If your goal can be obtained by cooperation and you wish to act consistently with those objective moral values that sustainably maintain cooperation, then you ought (instrumental) to act consistently with those objective moral values. — Mark S
Let's look at the logic here. Is this it...
If P can be obtained by cooperation and you wish to P, then you ought to P.
The clause on cooperation doesn't appear to do anything here. Your argument looks to be that if you want to do something then you ought do it. But not only is it, as Mick pointed out, that you can't always get what you want, sometimes you ought not get what you want.

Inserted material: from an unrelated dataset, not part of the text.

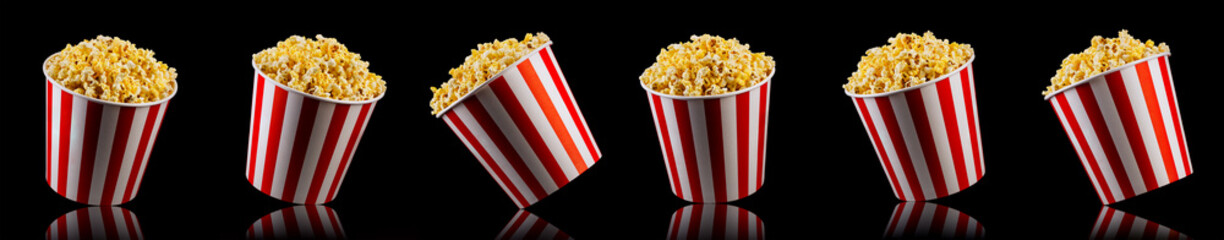 Set of paper striped bucket with popcorn isolated on black background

Sure, if you have the urge to pee you probably ought, but in the appropriate place and so as not to inconvenience others. Of course we might well let folk do as they want, unless there is good reason not too; and
that, what is to count as "good reason", is what ethics is about.
Descriptively moral behaviors are parts of cooperation strategies — Mark S
I put it to you that rather, cooperation strategies may be part of achieving our goals. You've got it the wrong way around.
Universally moral behaviors are parts of cooperation strategies that do not exploit others. — Mark S
What is claimed here... needs unpacking. "Universal moral behaviours" is a problematic term, and obviously, contrary to what is implied, folk can cooperate in order to exploit others. Your "Universal moral behaviours" are presumably those found by anthropological examination of what people do; and you agree, at least sometimes, that a description of what we do does not tell us what we
ought do. Your term "Universal moral behaviours" carries the insinuation that these merely observed behaviours bring moral weight. But any such moral weight must be argued for separately. I don't see where you have done this.
As for the relation between cooperation and justice, take a look at “
The Ones Who Walk Away From Omelas” by Ursula K LeGuin (thanks,
@unenlightened), and consider those who cooperate in the plight of the child.
So sure, cooperation, games theory, and anthropology might well be a useful part of a moral perspective; but they are not the whole.